(Required action)
In the data below, find the line with "Cuaca Hari Ini" and the line with "トイレの止水栓が回らない4つの主な原因", then restate both and every line between them exactly, minus the pictures.

(Source material)
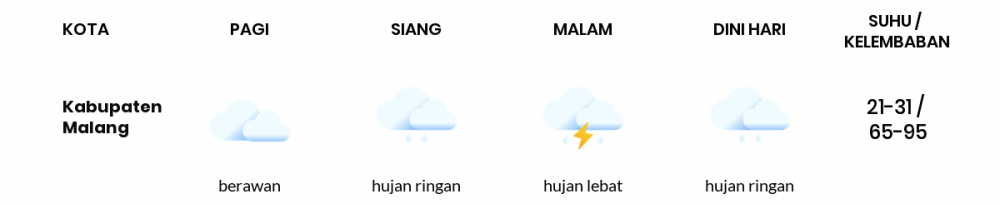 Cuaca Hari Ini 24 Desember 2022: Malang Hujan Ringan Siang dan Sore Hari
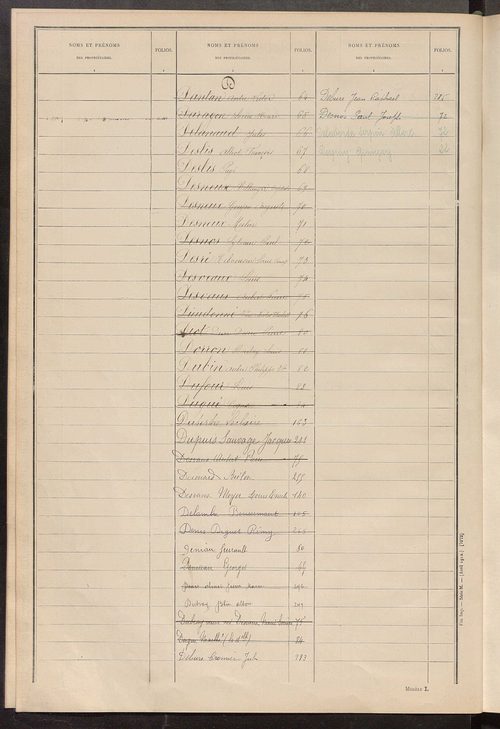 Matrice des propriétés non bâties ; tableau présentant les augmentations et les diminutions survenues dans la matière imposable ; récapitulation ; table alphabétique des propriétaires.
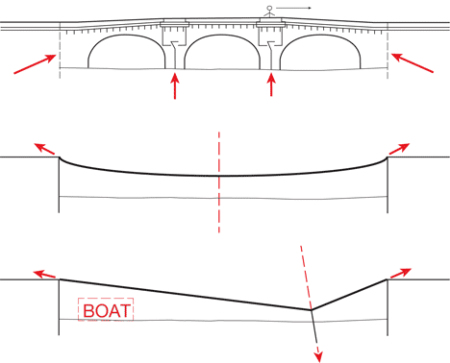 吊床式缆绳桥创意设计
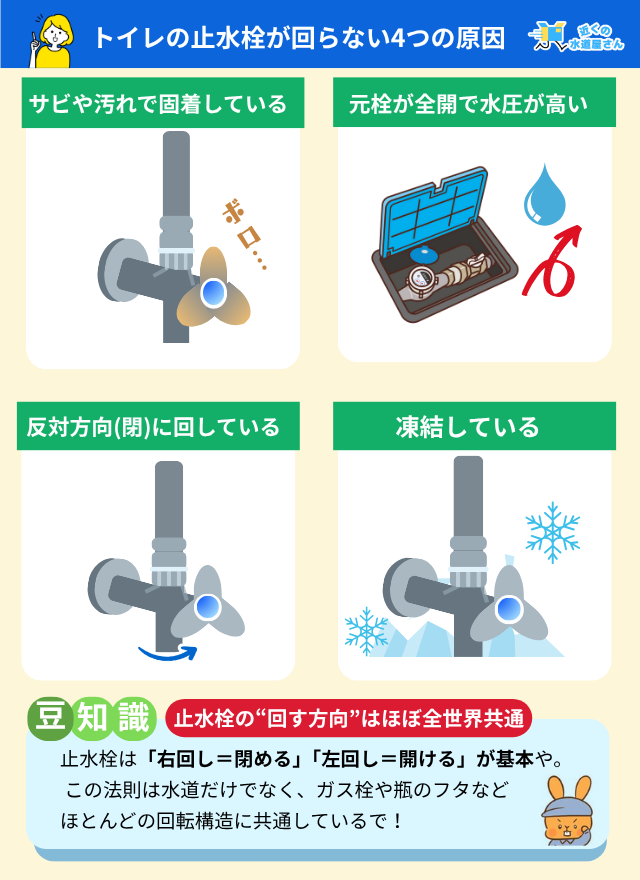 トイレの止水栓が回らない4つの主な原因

---

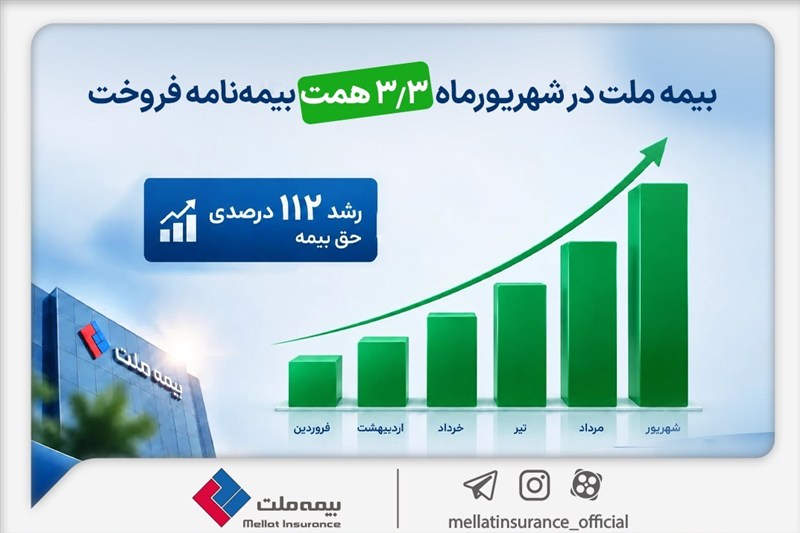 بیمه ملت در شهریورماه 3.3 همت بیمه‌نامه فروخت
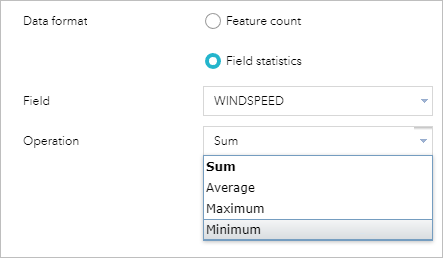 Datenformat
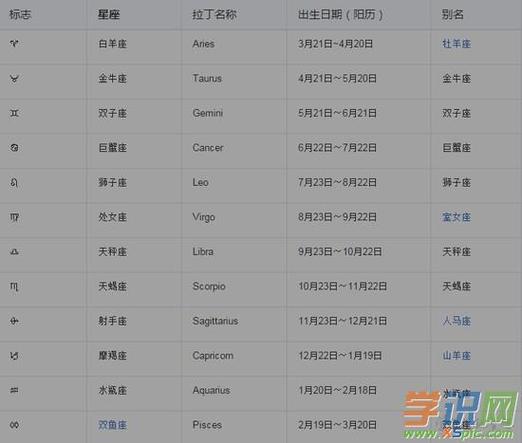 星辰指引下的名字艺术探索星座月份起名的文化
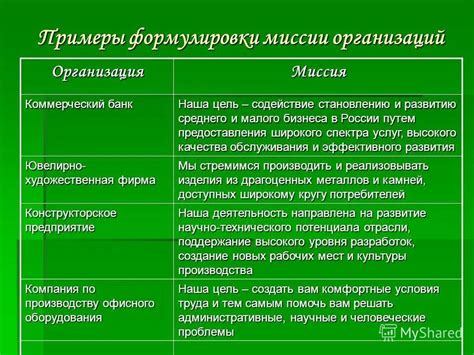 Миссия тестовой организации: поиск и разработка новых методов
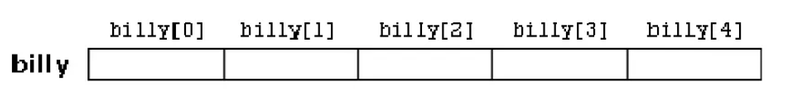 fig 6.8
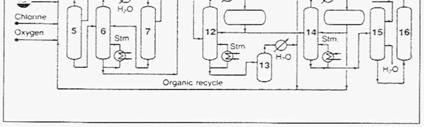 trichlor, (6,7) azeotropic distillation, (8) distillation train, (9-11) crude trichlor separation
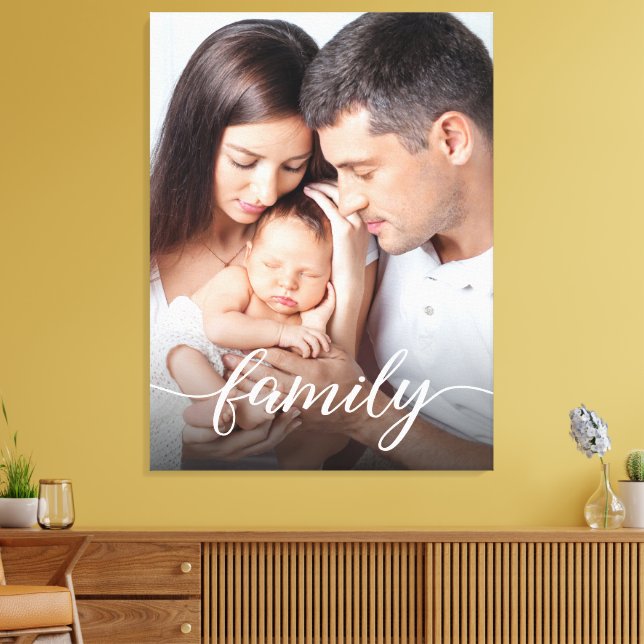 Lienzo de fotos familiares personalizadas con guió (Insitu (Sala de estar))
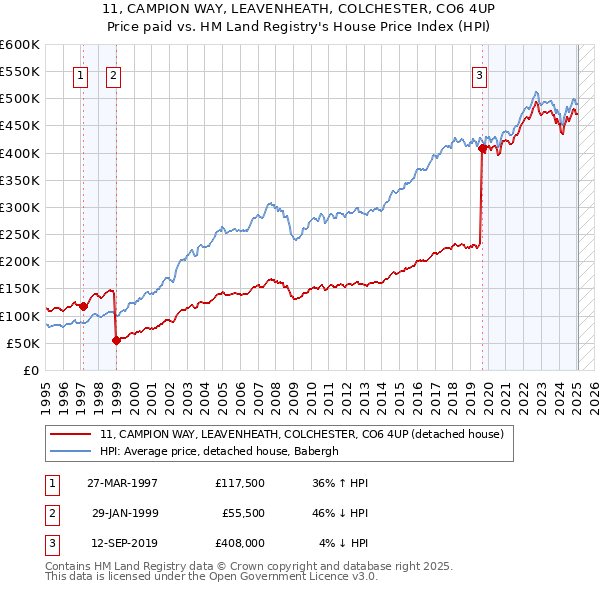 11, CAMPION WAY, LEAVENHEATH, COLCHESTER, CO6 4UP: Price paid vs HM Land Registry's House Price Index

(Response to this task)
 Cuaca Hari Ini 24 Desember 2022: Malang Hujan Ringan Siang dan Sore Hari
 Matrice des propriétés non bâties ; tableau présentant les augmentations et les diminutions survenues dans la matière imposable ; récapitulation ; table alphabétique des propriétaires.
 吊床式缆绳桥创意设计
 トイレの止水栓が回らない4つの主な原因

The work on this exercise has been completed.